Nothing but the lines from the one including "Ein schwarzer, runder" through the last line of the entries, restated exactly, should appear in the answer; omit the pictures.

# # # # # # #

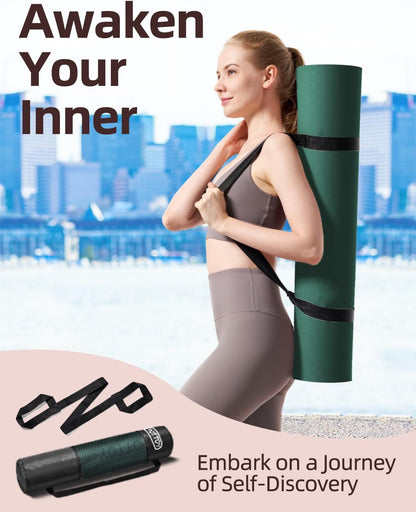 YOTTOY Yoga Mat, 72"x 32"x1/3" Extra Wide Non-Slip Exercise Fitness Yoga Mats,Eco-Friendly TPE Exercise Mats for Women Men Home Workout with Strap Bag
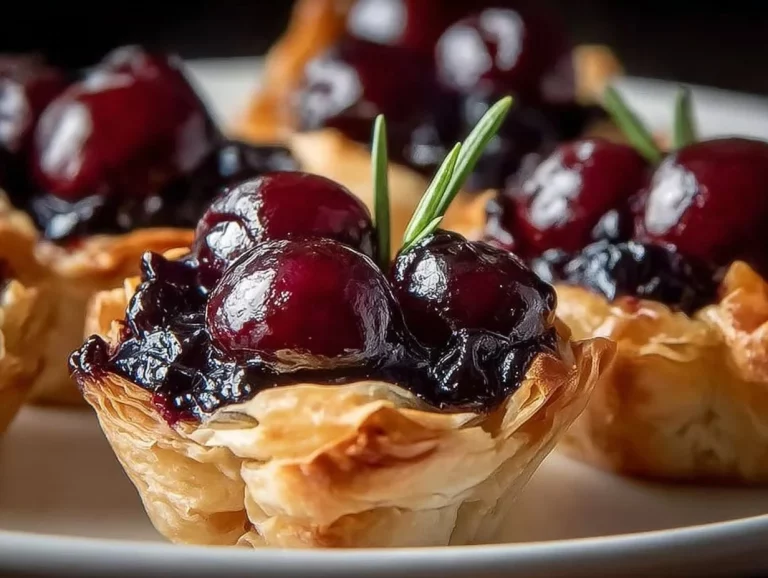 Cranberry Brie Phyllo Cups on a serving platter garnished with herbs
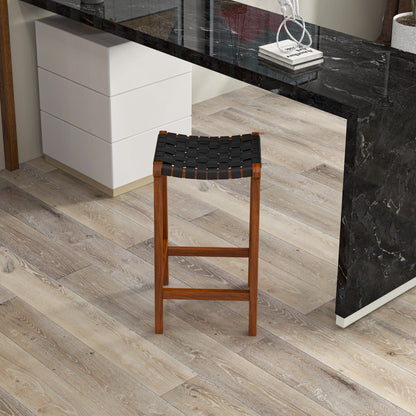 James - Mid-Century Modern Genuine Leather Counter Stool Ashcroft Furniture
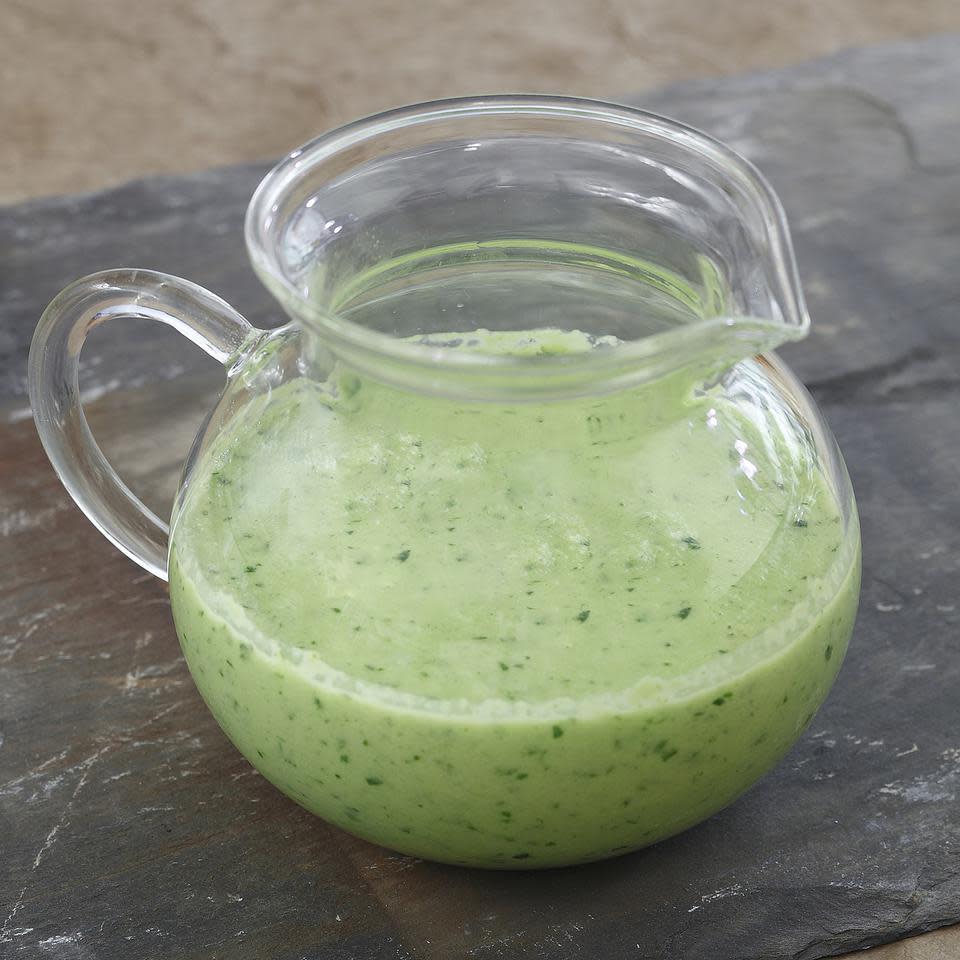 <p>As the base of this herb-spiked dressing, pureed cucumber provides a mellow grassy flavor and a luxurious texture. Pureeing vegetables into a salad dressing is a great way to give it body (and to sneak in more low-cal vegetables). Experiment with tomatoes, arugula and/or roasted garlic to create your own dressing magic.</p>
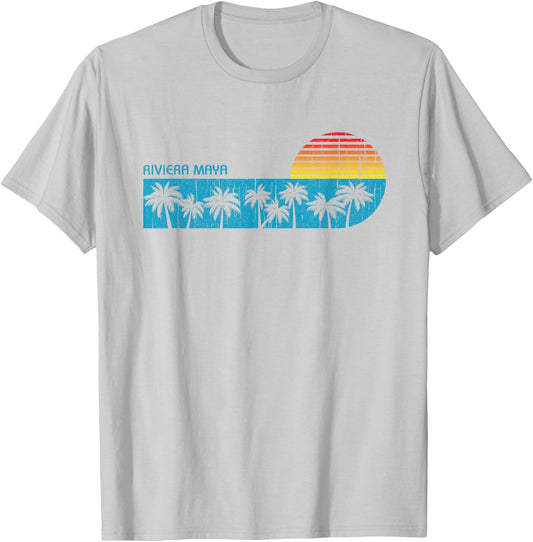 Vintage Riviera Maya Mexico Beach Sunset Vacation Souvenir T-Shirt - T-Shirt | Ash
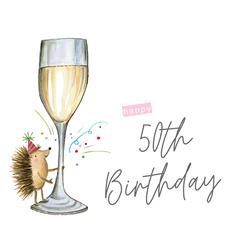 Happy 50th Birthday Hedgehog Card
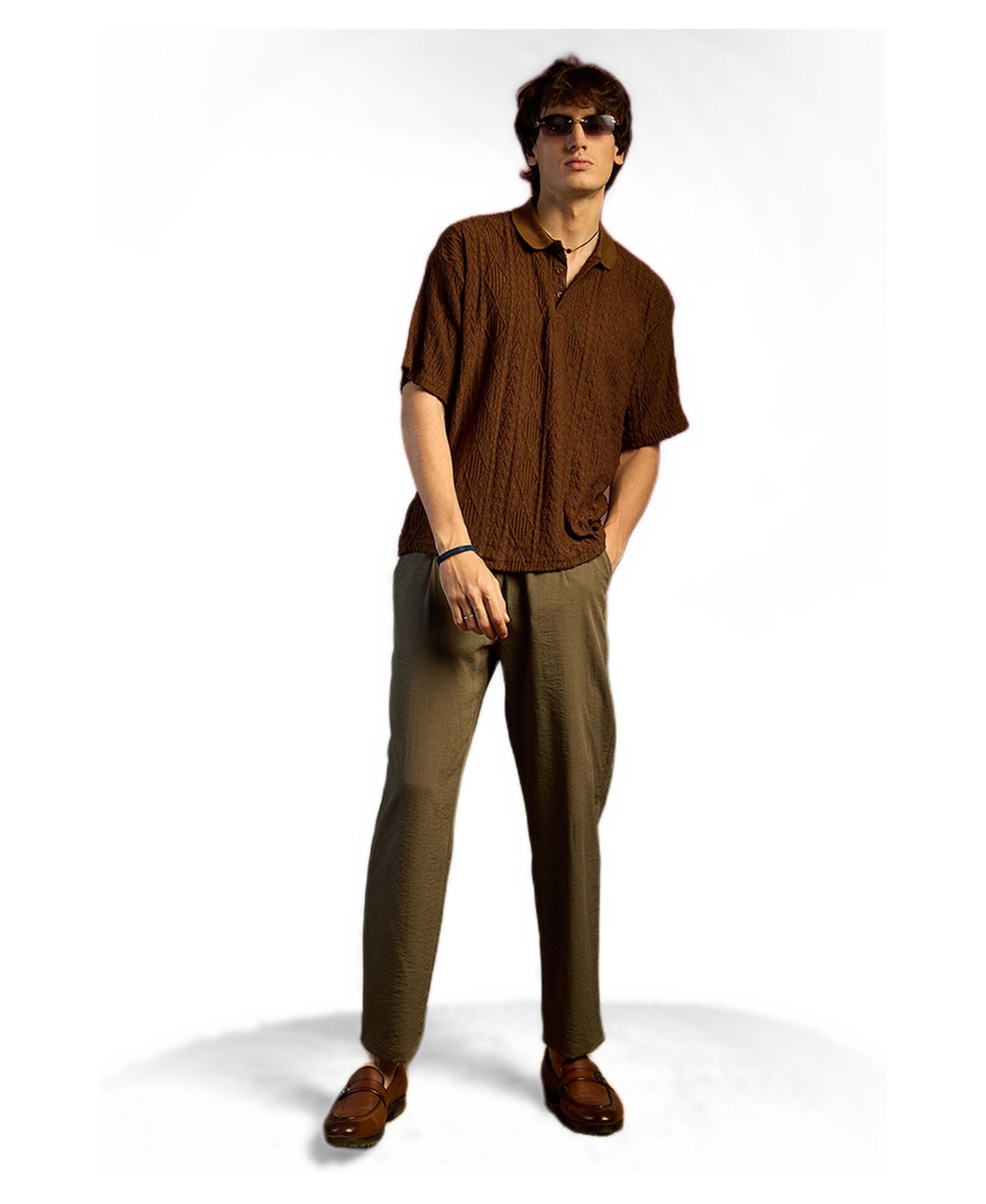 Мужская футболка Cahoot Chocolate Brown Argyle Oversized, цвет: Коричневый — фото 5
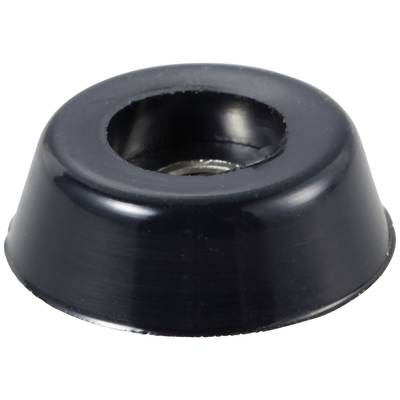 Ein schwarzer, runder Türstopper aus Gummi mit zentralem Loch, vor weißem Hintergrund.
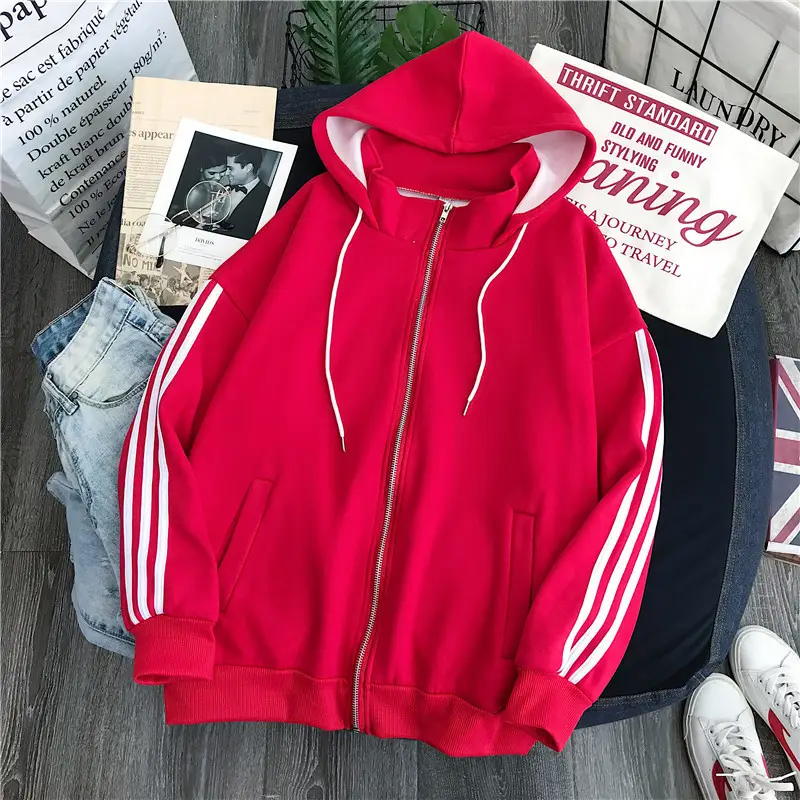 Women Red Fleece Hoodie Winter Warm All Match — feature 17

# # # # # # #

Task result:
 Ein schwarzer, runder Türstopper aus Gummi mit zentralem Loch, vor weißem Hintergrund.
 Women Red Fleece Hoodie Winter Warm All Match — feature 17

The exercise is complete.